So lately my mind has been in like a million places. I have been up and down trying to figure a lot out. You see I am in my senior year in high school. I'm going to done in 30 days. And that is one of the biggest, craziest thing. I thought that I was going to know exactly what I want to do with my life. But turn out I’m wrong.
I know what I want to do. Don’t get me wrong. I just didn’t do well planning for it. I know that I want to be a professional Christian singer. I want to glorify god in all that I do. I don’t just want to do it for me. But, How am I even going to get there. I know it will take a lot of work. And I am ready for that. I’m ready to work hard for it. However I could have applied for college classes at a few collages to Study Christian Contempary Music as a major. I should have went and applied for the school. For that major and I am kind of regretting not doing it. But I guess I will have to work ten times harder now.
Another thing I really should have got a job. I am applying now and I know it will be hard to get one but I am trying. I’m going to need money to get my license a car pay for insurance.
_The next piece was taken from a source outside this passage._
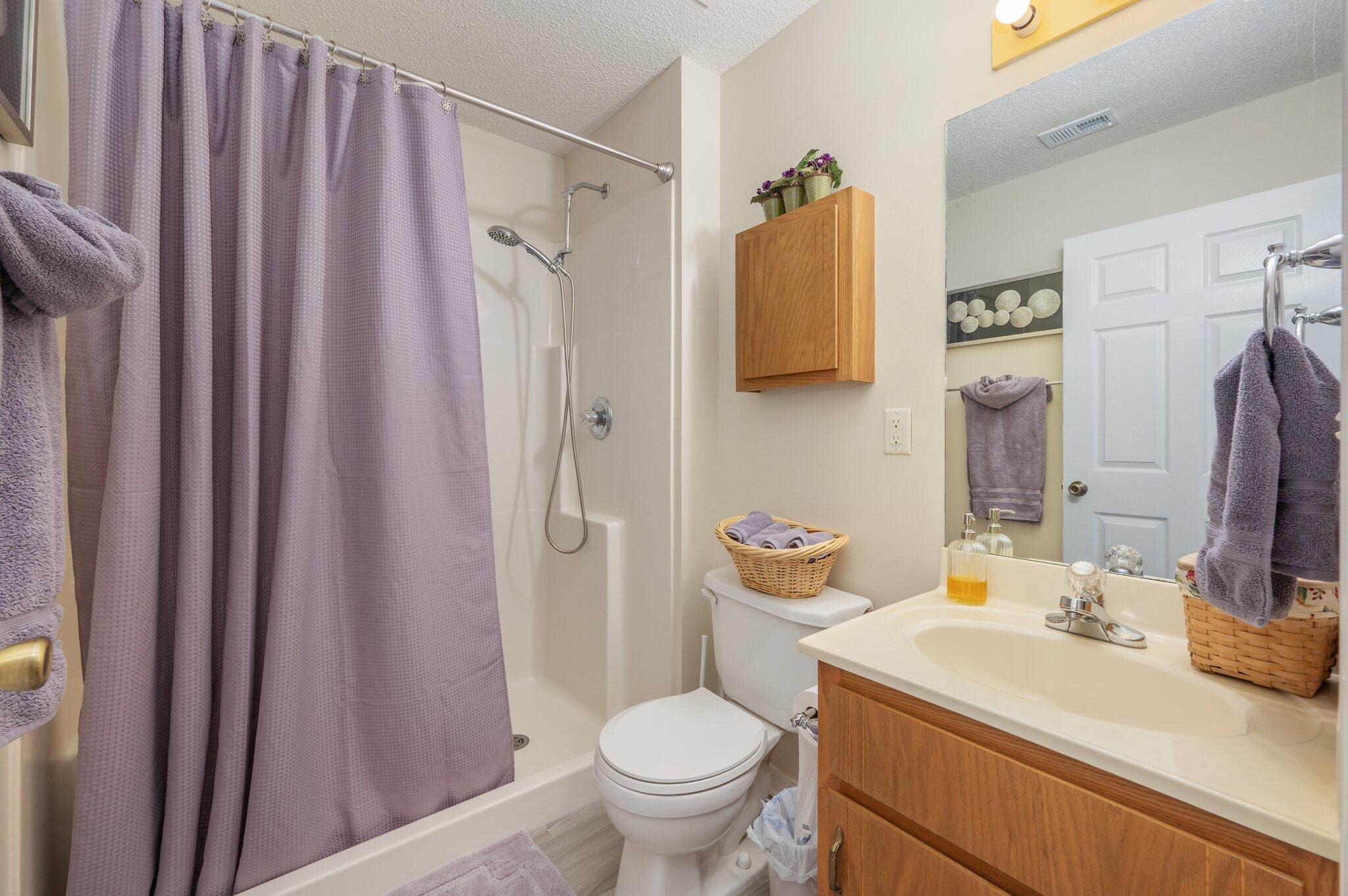 642 Alysheba Drive Crestview, FL 32539 - Photo 20 of 32 a bathroom with a sink toilet and shower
To get my own place eventually. And it will take forever I know. But I have to start somewhere.
So the whole point of this is to tell you don’t wait to start your life. Its something I’m not so happy about because now I am not ready for life after High School.
I mean Heck Yea I loved the things I did in High School. I loved all the choir activities I did. All the time spent in class working hard on music and then performing it with in the four years I have been there. Also working on tech and acting on stage. It was the best thing ever. I made many great friends. While having a ton of fun. If would of had a job maybe I wouldn’t have been able to do all of that. And I don’t regret it. I just wish I was more prepared.
So do what you can to be ready but don’t regret what you have done.